内容は、パン、ミックスナッツ(Dua Kelinci)、チョコバー「Beng-Beng」、そしてLe Mineraleのミネラルウォーター。乗車時間が約30分という短さを考えると、ちょうど良い分量です。静かな車内でパンを頬張りながら車窓を眺める時間は、まさに至福のひとときです。
この日の列車は途中、カラワン(Karawang)駅に停車。
現在も駅周辺には工事中のエリアが残っていますが、2024年には「イオンモール・デルタマス」が開業し、都市開発が着実に進行中です。日系企業の進出も加速しており、この駅が将来的に経済の新たな拠点となる可能性を感じさせます。
現時点では、乗降客はまだ少なく、駅周辺も整備の余地があるものの、イオンモールの存在が利便性と集客力を高めているのは明らか。将来的には、ここで途中下車して買い物を楽しむという選択肢も現実味を帯びてきています。
WHOOSHの設計上の最高速度は350km/hですが、カラワン駅に停車する便では最高速度がやや抑えられる傾向にあります。今回の便では、表示された最高速度は「330km/h」。それでも、驚くほど滑らかでスムーズな走行感は変わりません。
加速も減速も非常にスムーズで、揺れもほとんどなく、会話も静かにできるほどの静粛性。座席でのんびり過ごしているうちに、あっという間にパダララン駅が近づいてきます。
列車はパダララン(Padalarang)駅に到着。乗客の9割ほどがここで下車し、バンドン市内へ向かう「フィーダー列車」へと乗り換えていきます。現在、WHOOSHはバンドン中心部までの直通運行を行っていないため、このフィーダー列車が重要なアクセス手段になっています。
しかし、到着後の改札は混雑が激しく、通過するまでに10分以上かかることもあります。原因は、QRコードチケットの読み取りに時間がかかること。開業から2年が経っても、こうした導線の改善はまだ十分ではなく、今後の改善が期待されます。
パダララン駅からバンドン中心部のバンドン駅までは、KAI(インドネシア国鉄)のフィーダー列車で約15分。
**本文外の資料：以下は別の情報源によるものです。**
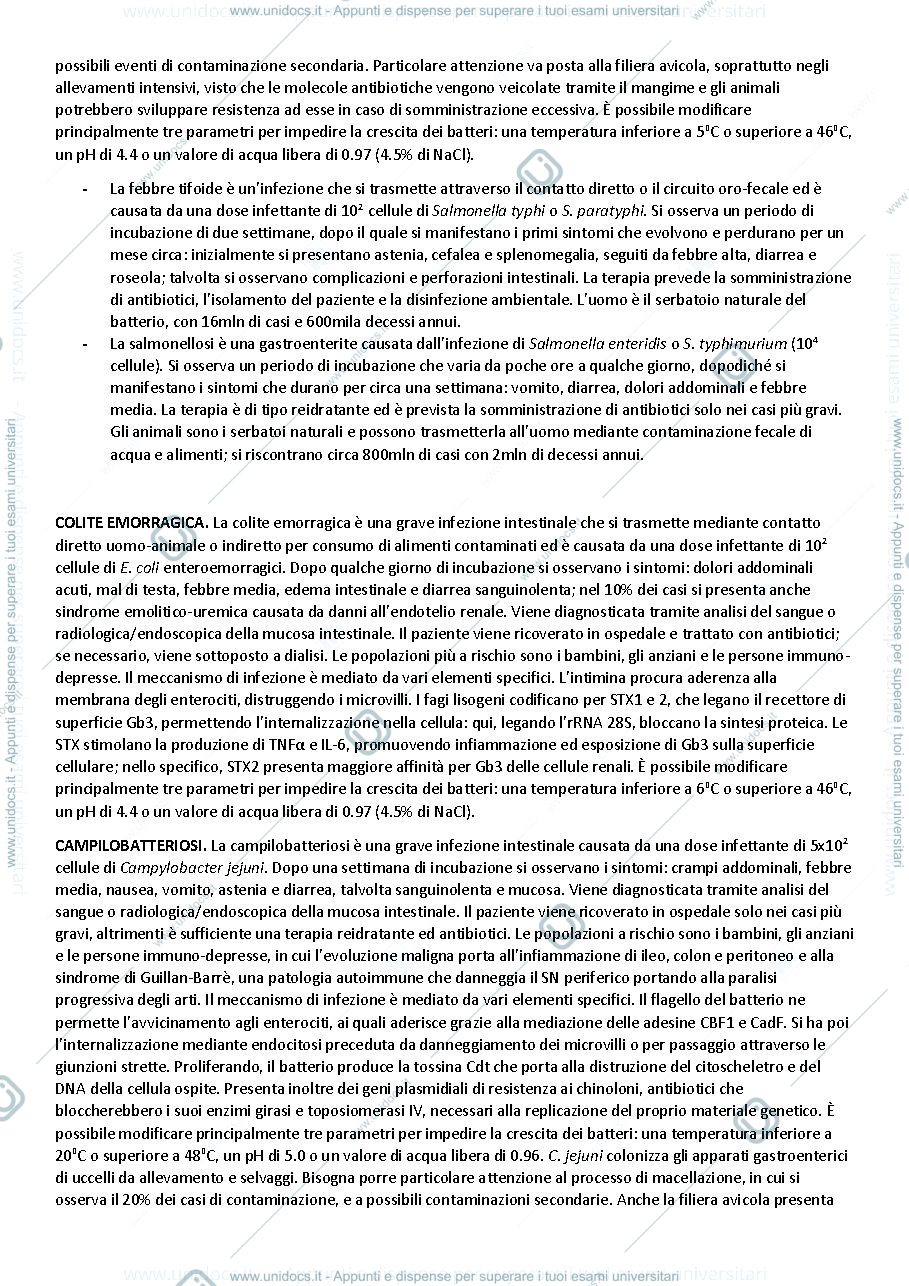 Anteprima pagina 3 — QUALITÀ E SICUREZZA MICROBIOLOGICA DEI SISTEMI ALIMENTARI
この列車はWOOSHのチケットで乗車可能です。さらに、WOOSHが8両編成であるのに対し、フィーダー列車は現在も4両編成のまま。そのため、普通席では座れない乗客が多数出ることもあります。ファーストクラスやビジネスクラスの利用者専用車両はあるものの、一般車両の混雑緩和のためには、編成増強や本数の見直しが必要に感じられました。
設備の整備状況、正確な運行、行き届いたサービス、そして330km/hという高速でも揺れない走行安定性。どれをとっても、他の交通機関では得がたい魅力があります。
短距離ながらも、上質な移動体験を提供してくれるWHOOSH。開業から2年が経っても、その“新しさ”は色あせておらず、今後も日常的な都市間移動に欠かせない存在になっていくことでしょう。
今後、スラバヤ方面への延伸計画も控えており、実現すればインドネシア国内の移動スタイルがさらに変わっていくかもしれません。